Today, almost nothing of that past grandeur of Firangi Mahal remains. The Firangi Mahal—or whatever is left of it—is located off a busy road constantly clogged with slow-moving traffic. A narrow lane, lined on either side with overflowing open drains and strewn with garbage, winds through run-down unpainted barrack-like houses with broken windows and walls festooned with posters of rival political parties. Goats sniff through piles of vegetable peels and rotting fruit. Ahead, an enormous mound of bricks and mud squats like a crumbling pyramid. A thin slice of wall peeks out from the rubble. The serpentine roots of a peepul tree grow out of what was once a delicately-carved dome. This was once the grand Firangi Mahal.

A board tagged on to a layer of bricks announces the now non-existent ‘Madrasa Nizamia’. This madrasa was set up in 1913 by one of the most well-known members of the Firanghi Mahal family, Maulana Abdul Bari, best known for being the first President of the Jamiat ul-Ulema-i Hind, an association of Indian ulema who played a leading role in India’s struggle for independence. Prior to this, learning at Firangi Mahal had been informal, with students studying with individual members of the Firangi Mahal family or in rented houses while studying in the teachers’ homes. Abdul Bari had sought to transform his family’s tradition of teaching and instruction into something resembling a modern school. But of that nothing now survives save for this rusted tin board. A few unlit, crumbling rooms remain from the original structure. These are now occupied by half a dozen families of weavers and embroiderers. Washing hangs from rafters poking out skeletons that remain of the walls. Hand-looms click and clack where once learned maulvis lectured.

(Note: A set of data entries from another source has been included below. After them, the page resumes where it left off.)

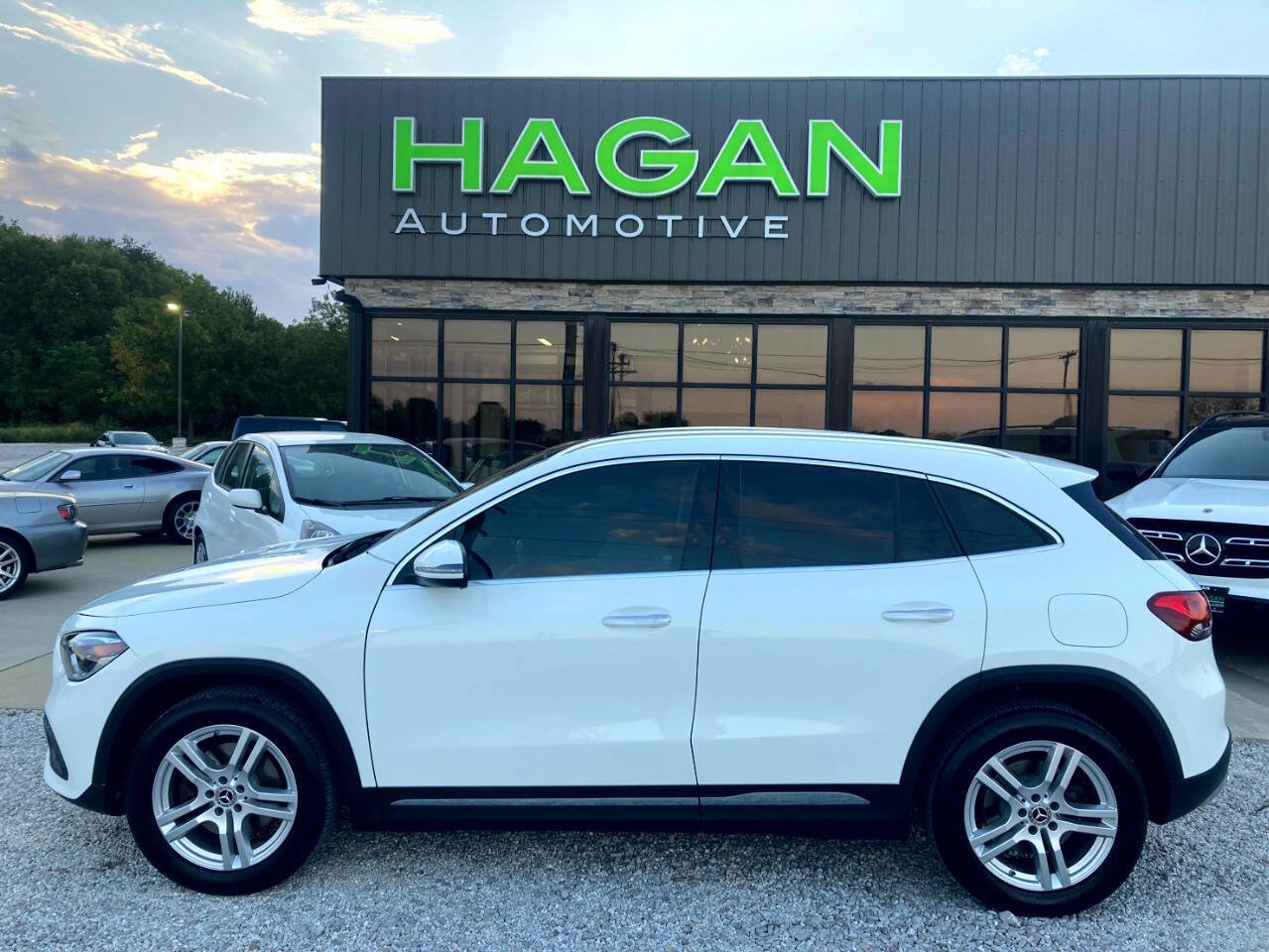 Used 2022 Mercedes-Benz GLA 250 4MATIC image 1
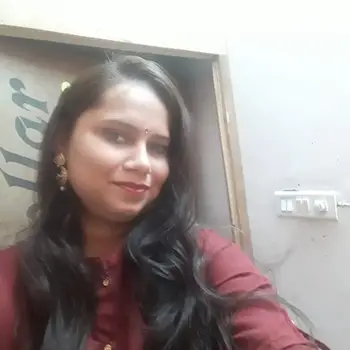 Kavita bhattacharya home tutor in Aliganj Lucknow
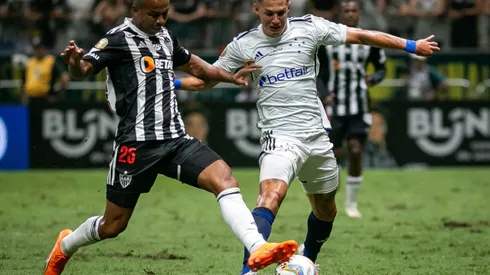 Mariano (E), do Atlético, e Mateus Vital, do Cruzeiro, em disputa acirrada em um Clássico Mineiro. Quem vence o tira-teima?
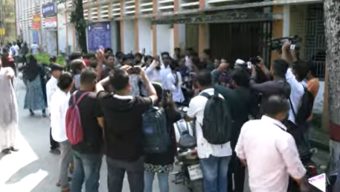 বরিশাল বিএম কলেজে বাকসু নির্বাচনের দাবিতে প্রশাসনিক ভবনে তালা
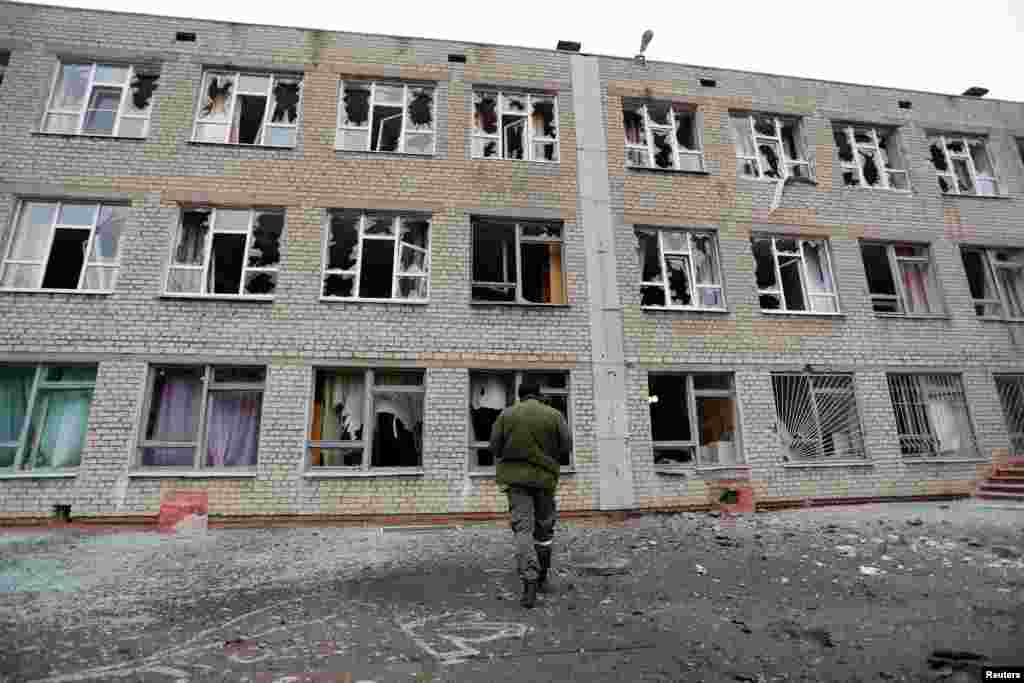 A Moszkva-barát szeparatista Horlivkában &ndash; helyi idő szerint 5 óra 30 perckor (magyar idő szerint 3 óra 30 perckor) &ndash; ágyúzással kezdődött a nap a szakadár terület polgármesterének beszámolója szerint. Két tanár életét vesztette&nbsp;az egyik&nbsp;helyi iskolát érő támadásban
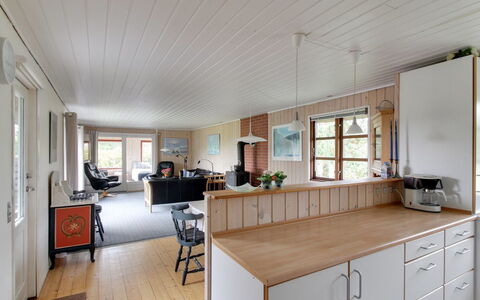 Kastehelmi - 400M from the Sea: Mobilia, Pavimentazione, Interior Design, Cucina, Legna, Pavimento, Soffitto, Controsoffitto, Cabinetry, Elettrodomestico Da Cucina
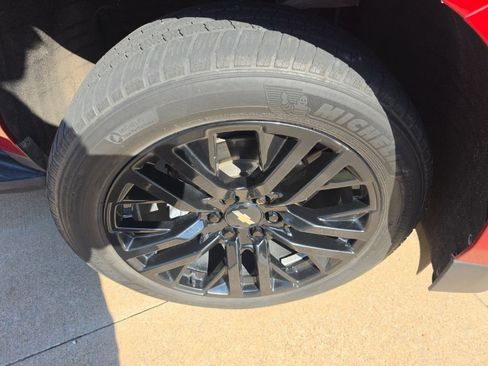 Used 2021 Chevrolet Tahoe LT AWD/4WD image 13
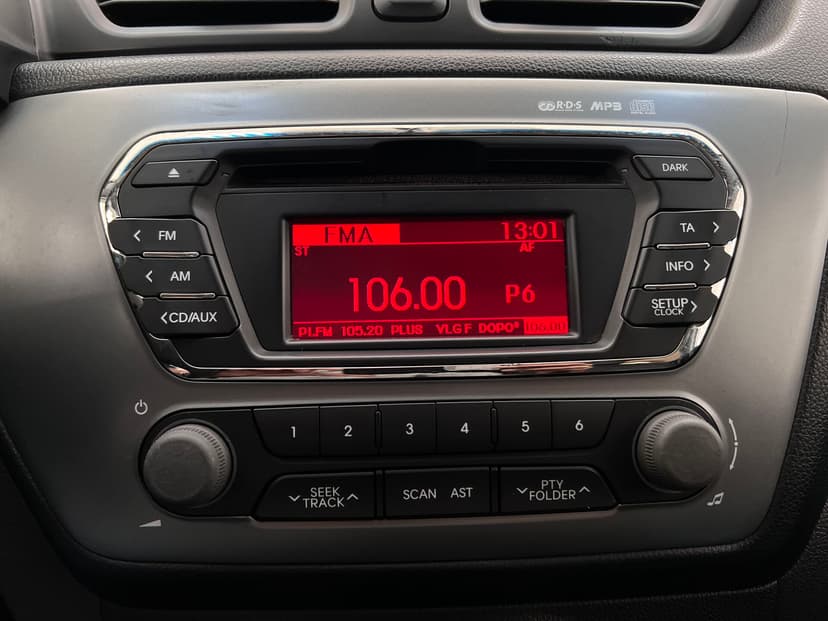 kia-rio-2014-363-18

35 year old Khalid Rashid Firangi Mahali, Imam of the Lucknow Eidgah, is struggling to revive the lost tradition of learning of his forefathers. A student of the Christ Church College, Lucknow, he went on to finish the fazilat degree from Lucknow’s renowned Dar ul-Ulum Nadwat ul-Ulema, and then acquired a Ph.D. in Arabic from Lucknow University, where he worked on the contributions of his ancestors to Islamic education. The youngest member of the All-India Muslim Personal Law Board, he is known for his moderate, progressive views: he is the Convenor of the Lucknow-based Movement Against Terrorism, and is an ardent champion of girls’ education. Not surprisingly, he has his share of critics among the Muslims of Lucknow. He has even received death-threats for his outspoken views. Some months ago, he barely escaped death when he was fired upon by some disgruntled Muslim youth.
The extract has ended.